Prof. Lowry’nin kitabının gözler önüne serdiği gerçek, Osmanlı İmparatorluğu’nun en hızlı genişleme atılımları yaptığı dönemlerde bile, yeri geldiğinde, özellikle de ele geçirilen topraklardaki farklı dinlere ve etnik kökenlere mensup halklar arasında huzurlu bir birlikte yaşama durumunun tesisi söz konusu olduğunda, barışçı politikalara da başvurmaktan nasıl çekinmediklerinin sıkça vurgulanmasıdır.

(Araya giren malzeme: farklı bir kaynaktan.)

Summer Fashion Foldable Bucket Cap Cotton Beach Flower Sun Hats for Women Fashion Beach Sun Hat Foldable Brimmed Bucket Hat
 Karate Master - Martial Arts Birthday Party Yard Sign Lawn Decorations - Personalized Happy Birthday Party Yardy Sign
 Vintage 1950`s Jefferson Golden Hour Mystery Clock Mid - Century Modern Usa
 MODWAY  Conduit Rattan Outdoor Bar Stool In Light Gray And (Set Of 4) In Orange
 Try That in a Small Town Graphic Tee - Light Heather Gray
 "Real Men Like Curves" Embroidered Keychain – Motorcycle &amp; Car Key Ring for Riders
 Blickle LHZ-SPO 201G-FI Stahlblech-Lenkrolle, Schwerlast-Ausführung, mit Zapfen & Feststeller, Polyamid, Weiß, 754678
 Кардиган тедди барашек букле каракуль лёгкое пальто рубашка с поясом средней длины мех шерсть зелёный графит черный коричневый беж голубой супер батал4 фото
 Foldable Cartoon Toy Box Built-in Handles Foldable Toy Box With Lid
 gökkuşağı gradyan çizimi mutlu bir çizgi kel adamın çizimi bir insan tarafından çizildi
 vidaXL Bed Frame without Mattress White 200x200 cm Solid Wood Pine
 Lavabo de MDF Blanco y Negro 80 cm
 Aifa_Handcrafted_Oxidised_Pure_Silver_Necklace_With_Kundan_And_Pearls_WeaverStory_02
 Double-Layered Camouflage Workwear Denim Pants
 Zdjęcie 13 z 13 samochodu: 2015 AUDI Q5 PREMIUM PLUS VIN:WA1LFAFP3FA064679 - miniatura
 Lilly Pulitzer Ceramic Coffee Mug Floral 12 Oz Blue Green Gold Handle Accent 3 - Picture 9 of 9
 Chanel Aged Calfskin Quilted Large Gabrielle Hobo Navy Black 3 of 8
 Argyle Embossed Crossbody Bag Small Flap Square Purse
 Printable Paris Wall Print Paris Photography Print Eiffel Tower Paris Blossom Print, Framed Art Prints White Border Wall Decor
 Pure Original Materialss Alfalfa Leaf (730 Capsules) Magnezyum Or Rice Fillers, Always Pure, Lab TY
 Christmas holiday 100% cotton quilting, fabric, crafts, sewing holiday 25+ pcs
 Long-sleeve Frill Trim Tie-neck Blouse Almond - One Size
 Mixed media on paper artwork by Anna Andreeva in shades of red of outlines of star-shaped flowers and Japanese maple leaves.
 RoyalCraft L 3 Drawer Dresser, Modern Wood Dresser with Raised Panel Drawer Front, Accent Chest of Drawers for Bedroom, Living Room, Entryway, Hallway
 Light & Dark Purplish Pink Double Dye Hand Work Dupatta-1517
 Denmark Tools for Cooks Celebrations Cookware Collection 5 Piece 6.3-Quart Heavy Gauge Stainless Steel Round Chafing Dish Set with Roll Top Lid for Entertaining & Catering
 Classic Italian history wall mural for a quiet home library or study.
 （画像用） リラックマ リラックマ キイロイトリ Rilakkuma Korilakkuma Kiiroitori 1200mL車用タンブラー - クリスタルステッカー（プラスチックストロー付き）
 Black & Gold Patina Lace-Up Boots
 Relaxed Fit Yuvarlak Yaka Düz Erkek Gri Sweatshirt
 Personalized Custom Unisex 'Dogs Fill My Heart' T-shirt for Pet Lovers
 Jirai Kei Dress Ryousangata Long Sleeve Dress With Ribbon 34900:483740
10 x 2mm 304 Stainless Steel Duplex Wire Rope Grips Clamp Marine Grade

Yükselişinin doruk noktasında bir dünya imparatorluğunun boyutlarına evrilmiş bir imparatorluğun barış içersinde birlikte yaşama hedefine yönelik bu çabaları, öyle sanıyorum ki günümüzde o imparatorluğa sıkça atıfta bulunurken bir Reyhanlı’nın gerçekleşmemesi için gerekli önlemleri alamayan bir Devlet için üzerinde hassasiyetle durulması gereken bir örnek niteliğini taşımalıdır!